M : Quels sont tes horaires de sommeil type et comment gère-tu ton sommeil?
E : Je pense que + tu te couches tôt, moins tu as besoin de sommeil. Par exemple, si je me couche à 22h et que je me lève à 6h, je suis beaucoup + en forme que si je me couche à 00h et me lève à 8h. Même si je me couche à 1h et que je me lève le lendemain à midi, je serai quand même fatigué, j’aurai beaucoup moins d’énergie. Je crois que les heures de sommeil avant minuit te permettent de mieux récupérer.
M : Quand est-ce que tu as compris l’importance de ces bonnes habitudes ?
E: Pour moi ça a été facile à comprendre car je faisais ce que faisais mon père. Ce qu’il avait dans son assiette, je voulais la même chose. Et il jouait d’ailleurs encore en N2 à 44 ans.
M : A partir de quel âge tu t’es dit que tu voulais être basketteur pro ?
E : J’ai toujours voulu. Mais comme je te disais pour moi c’était assez normal et imaginable car mon père était lui-même professionnel. J’en parlais avec Antoine (Diot) et pour lui c’était différent car il n’avait pas d’exemple direct dans sa famille, ça lui paraissait plus loin… Et quand je suis rentré à l’Insep, que j’ai vu tous les joueurs qui étaient passé par là, je me suis dit que c’était vraiment possible.
M : Tu es d’ailleurs assez proche de Tony Parker, tu en parle souvent comme d’un mentor. Quelle est LA leçon que tu as retenu grâce à lui/à force de le côtoyer ?

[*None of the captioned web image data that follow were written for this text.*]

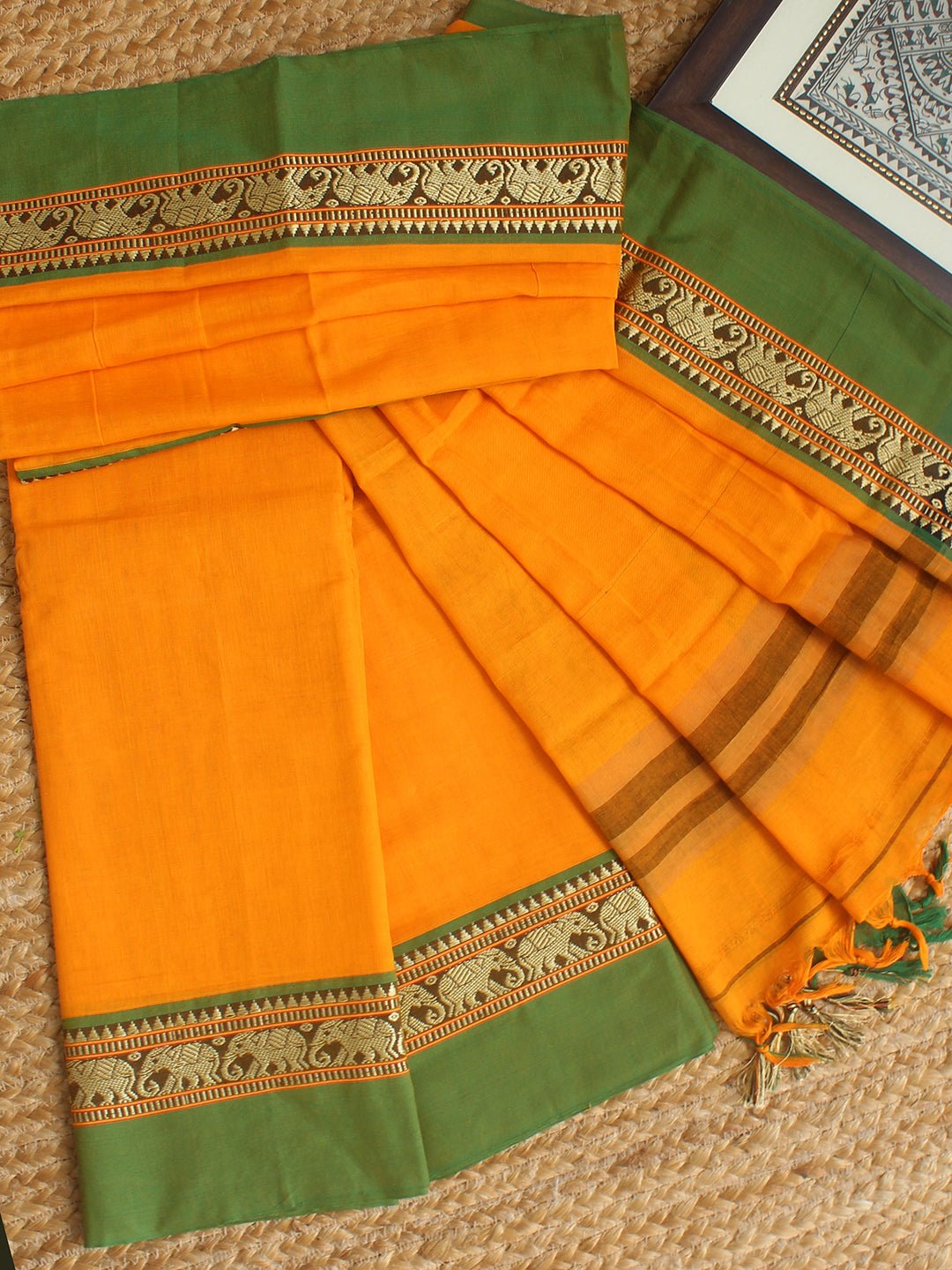 Darwan Color Mango Dharwad Cotton Dress Material With Elephant Borders – Weaves of ...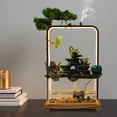 thumbnail image 3 of Indoor Ornament Tabletop Water Fountain with Glass Fish Tank Desktop Fountain Waterfall Elegant Fish Tank with LED Light Wooden Base, 3 of 8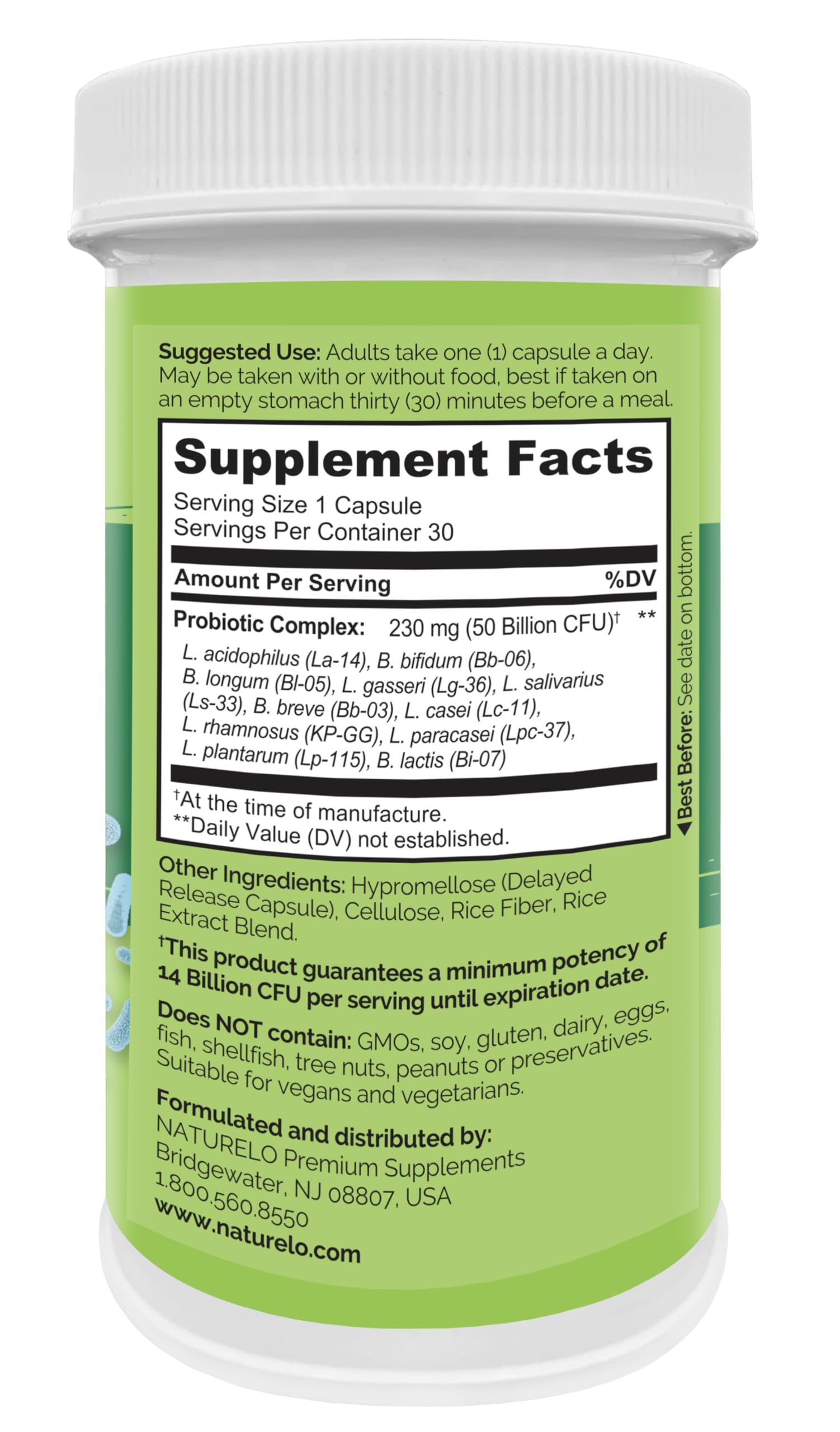 NATURELO Probiotic Supplement - 50 Billion CFU - 11 Strains - One Daily - Helps Support NATURELO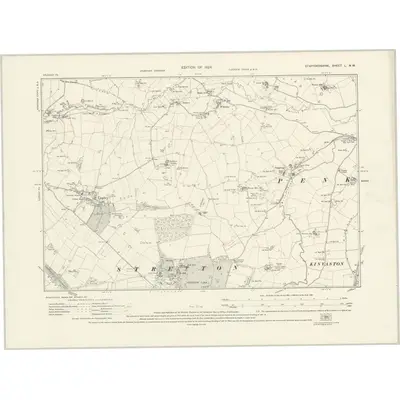 1921 Map of Staffordshire L.NW, 1924 Print
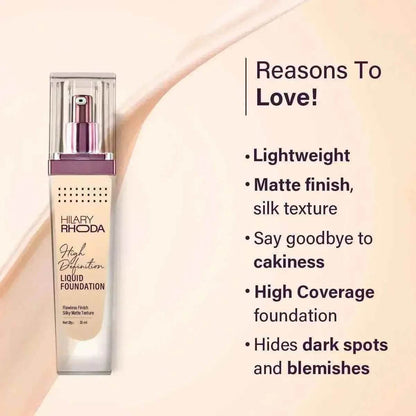 Hilary Rhoda High Definition Foundation - Full Coverage, Matte Finish, Hides Pores & Blemishes, 33ml (White Ivory | Shade 01)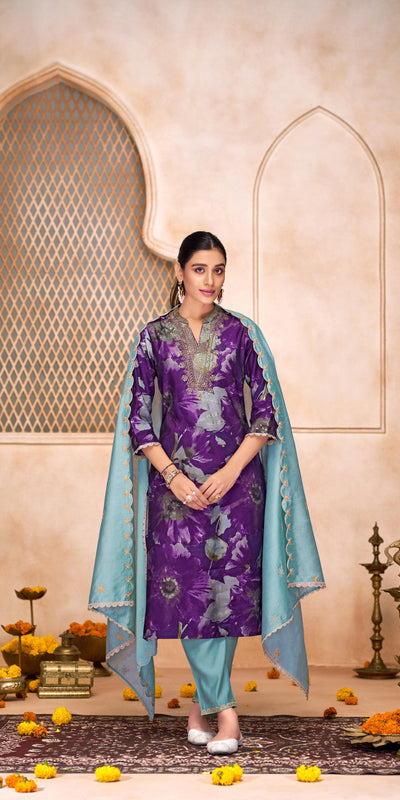 Shehnaaz Chanderi Purple Kurta Set with Dupatta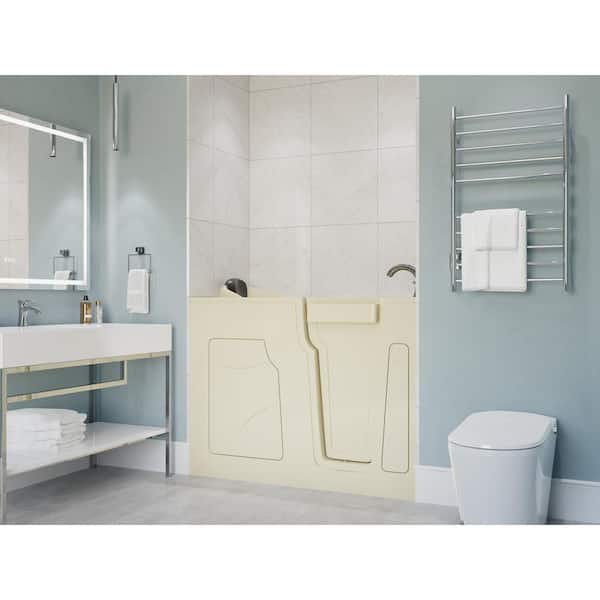 Safe Premier 53 in L x 28 in W Right Drain Walk-In Non-Whirlpool Bathtub in Biscuit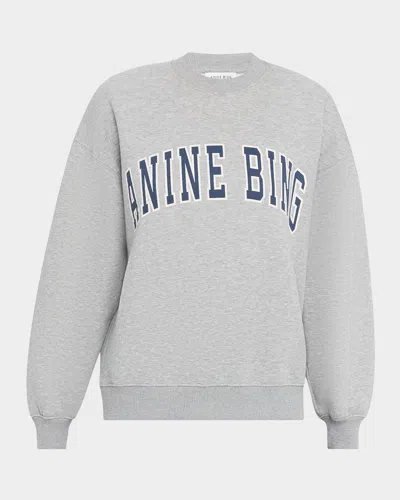 Anine Bing Spencer Logo Crewneck Sweatshirt In Gray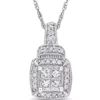Best reviews of ⭐ 1/3 ct. t.w. Princess and Round Diamond Cluster Necklace in 10k White Gold by Belk & Co. ⌛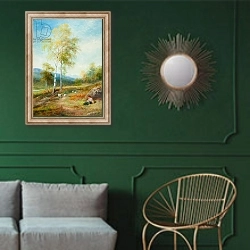 «Autumn, Strathglass, Inverness-shire» в интерьере классической гостиной с зеленой стеной над диваном
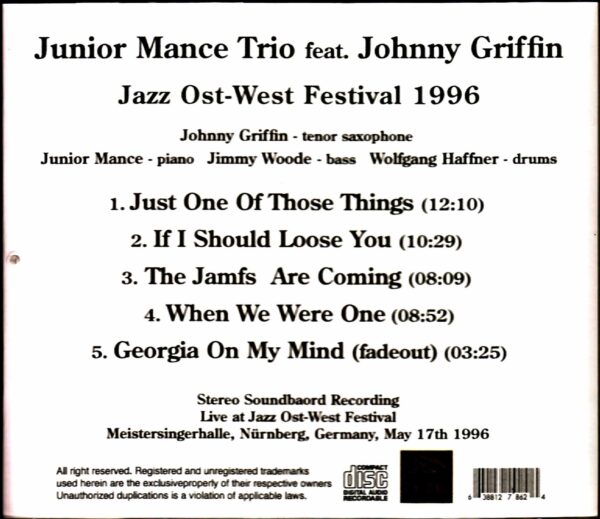 Junior Mance Trio Johnny Griffin Junior Mance Johnny Griffin/Germany 1996 - Image 2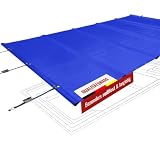 SafeDeluxe Poolplane Rollschutzabdeckung Stangenabdeckung Sicherheitsabdeckung aus LKW Plane ohne Stangen (4,5m x 8,5m, Blau RAL5002)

E : Que ce soit dans la vie ou dans le sport, il faut se concentrer sur ce que tu peux contrôler. Tu ne peux pas contrôler si un coach va te faire jouer. Par contre tu peux aller t’entrainer tous les jours. Ce que les autres pensent, ce que les médias racontent, tu ne peux pas le contrôler. Si tu t’occupes de ça tu perds ton énergie.
M : En imaginant que tu ais un fils, quel est LE conseil que tu lui donnerais, si tu devais mourir demain ?
(C’est incroyable cette question ! rires)
E : Je lui dirais de faire ce qui le rend heureux dans la vie, de faire se propres choix. Plein de gens me disent que si j’ai un fils, je voudrai qu’il joue au basket… Mais non, moi je m’en fou. S’il me dit qu’il veut vivre à Bangkok sur une barque et pêcher c’est OK. Si c’est ce qui le rend heureux, moi ça me va très bien. Les gens voient la réussite comme le fait d’avoir une grande maison et une belle voiture, mais non. S’il est heureux à vivre de pêche c’est parfait !
…
Merci à Edwin pour sa disponibilité et sa gentillesse!
Entretien réalisé à Madrid le 13 mars 2017.